7.8 KiB
7.8 KiB
| name | description |
|---|---|
| k3s-infra | K3s Kubernetes cluster management. Use when working on cluster infrastructure, backups, deployments, HA, networking, scaling, CNPG databases, Traefik ingress, cert-manager, or any K8s operations on the Hetzner cluster. |
K3s Infrastructure Skill
Manage the 3-node K3s Kubernetes cluster on Hetzner Cloud.
Quick Reference
SSH Access:
ssh k3s-mgr # Control plane (188.34.201.101)

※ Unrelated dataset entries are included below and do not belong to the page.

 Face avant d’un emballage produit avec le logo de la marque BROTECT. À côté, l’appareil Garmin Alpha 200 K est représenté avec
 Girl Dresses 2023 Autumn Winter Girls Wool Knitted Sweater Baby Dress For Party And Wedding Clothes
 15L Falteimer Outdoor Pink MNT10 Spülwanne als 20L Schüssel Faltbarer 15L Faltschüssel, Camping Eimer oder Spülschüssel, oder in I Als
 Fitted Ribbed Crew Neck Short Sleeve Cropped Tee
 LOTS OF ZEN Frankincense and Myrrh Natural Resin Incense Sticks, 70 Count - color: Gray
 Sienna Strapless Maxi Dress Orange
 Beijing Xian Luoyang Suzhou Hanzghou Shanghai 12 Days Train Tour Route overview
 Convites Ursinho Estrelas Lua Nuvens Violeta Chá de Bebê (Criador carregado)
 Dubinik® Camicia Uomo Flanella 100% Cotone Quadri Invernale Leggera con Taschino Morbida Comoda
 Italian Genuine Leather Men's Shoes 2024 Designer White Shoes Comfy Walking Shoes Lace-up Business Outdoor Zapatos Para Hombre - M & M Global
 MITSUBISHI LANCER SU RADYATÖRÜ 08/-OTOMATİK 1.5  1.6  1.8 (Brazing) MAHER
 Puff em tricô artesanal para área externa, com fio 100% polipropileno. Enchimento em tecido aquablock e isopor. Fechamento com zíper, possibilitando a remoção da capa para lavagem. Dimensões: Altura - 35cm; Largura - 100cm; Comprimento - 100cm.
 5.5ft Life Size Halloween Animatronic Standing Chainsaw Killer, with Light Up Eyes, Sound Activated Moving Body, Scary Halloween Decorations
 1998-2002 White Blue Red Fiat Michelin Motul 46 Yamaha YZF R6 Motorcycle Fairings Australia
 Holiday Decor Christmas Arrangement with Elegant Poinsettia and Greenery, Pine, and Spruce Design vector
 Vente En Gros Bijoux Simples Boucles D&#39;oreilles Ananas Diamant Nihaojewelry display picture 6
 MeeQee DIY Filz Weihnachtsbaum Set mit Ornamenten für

ssh k3s-w1 # Worker (159.69.23.121)
ssh k3s-w2 # Worker (46.225.169.60)
kubectl (on k3s-mgr):
export KUBECONFIG=/etc/rancher/k3s/k3s.yaml
export PATH=$PATH:/usr/local/bin
Hetzner API:
source /home/openclaw/.openclaw/workspace/.credentials/services.env
# Use $COOLIFY_HETZNER_API_KEY for Hetzner Cloud API calls
NEVER read credential files directly. Source them in scripts.
Cluster Architecture
Internet → Hetzner LB (46.225.37.135:80/443)
↓
k3s-w1 / k3s-w2 (Traefik DaemonSet)
↓
App Pods (DocFast, SnapAPI, ...)
↓
PgBouncer Pooler (main-db-pooler.postgres.svc:5432)
↓
CloudNativePG (main-db, 2 instances, PostgreSQL 17.4)
Nodes
| Node | Role | Public IP | Private IP | Hetzner ID |
|---|---|---|---|---|
| k3s-mgr | Control plane (tainted NoSchedule) | 188.34.201.101 | 10.0.1.5 | 121365837 |
| k3s-w1 | Worker | 159.69.23.121 | 10.0.1.6 | 121365839 |
| k3s-w2 | Worker | 46.225.169.60 | 10.0.1.7 | 121365840 |
- All CAX11 ARM64 (2 vCPU, 4GB RAM), Hetzner nbg1
- SSH key:
/home/openclaw/.ssh/id_ed25519 - Private network: 10.0.0.0/16, Flannel on enp7s0
- K3s version: v1.34.4+k3s1
Load Balancer
- Name:
k3s-lb, Hetzner ID 5834131 - IP: 46.225.37.135
- Targets: k3s-w1, k3s-w2 on ports 80/443
- Health: TCP, 15s interval, 3 retries
Namespaces
| Namespace | Purpose | Replicas |
|---|---|---|
docfast |
DocFast production | 2 |
docfast-staging |
DocFast staging | 1 |
snapapi |
SnapAPI production | 2 (target) |
snapapi-staging |
SnapAPI staging | 1 |
postgres |
CNPG cluster + PgBouncer | 2+2 |
cnpg-system |
CNPG operator | 2 |
cert-manager |
Let's Encrypt certs | - |
kube-system |
CoreDNS, Traefik, etc. | - |
Database (CloudNativePG)
- Cluster:
main-dbinpostgresnamespace, 2 instances - PostgreSQL: 17.4, 10Gi local-path storage per instance
- PgBouncer:
main-db-pooler, 2 instances, transaction mode - Connection:
main-db-pooler.postgres.svc:5432 - User: docfast / docfast (shared across projects for now)
Databases:
| Database | Project | Namespace |
|---|---|---|
docfast |
DocFast prod | docfast |
docfast_staging |
DocFast staging | docfast-staging |
snapapi |
SnapAPI prod | snapapi |
snapapi_staging |
SnapAPI staging | snapapi-staging |
DB access (find primary first!):
# Check which is primary
kubectl get pods -n postgres -l role=primary -o name
# Or check manually
kubectl exec -n postgres main-db-1 -c postgres -- psql -U postgres -c "SELECT pg_is_in_recovery();"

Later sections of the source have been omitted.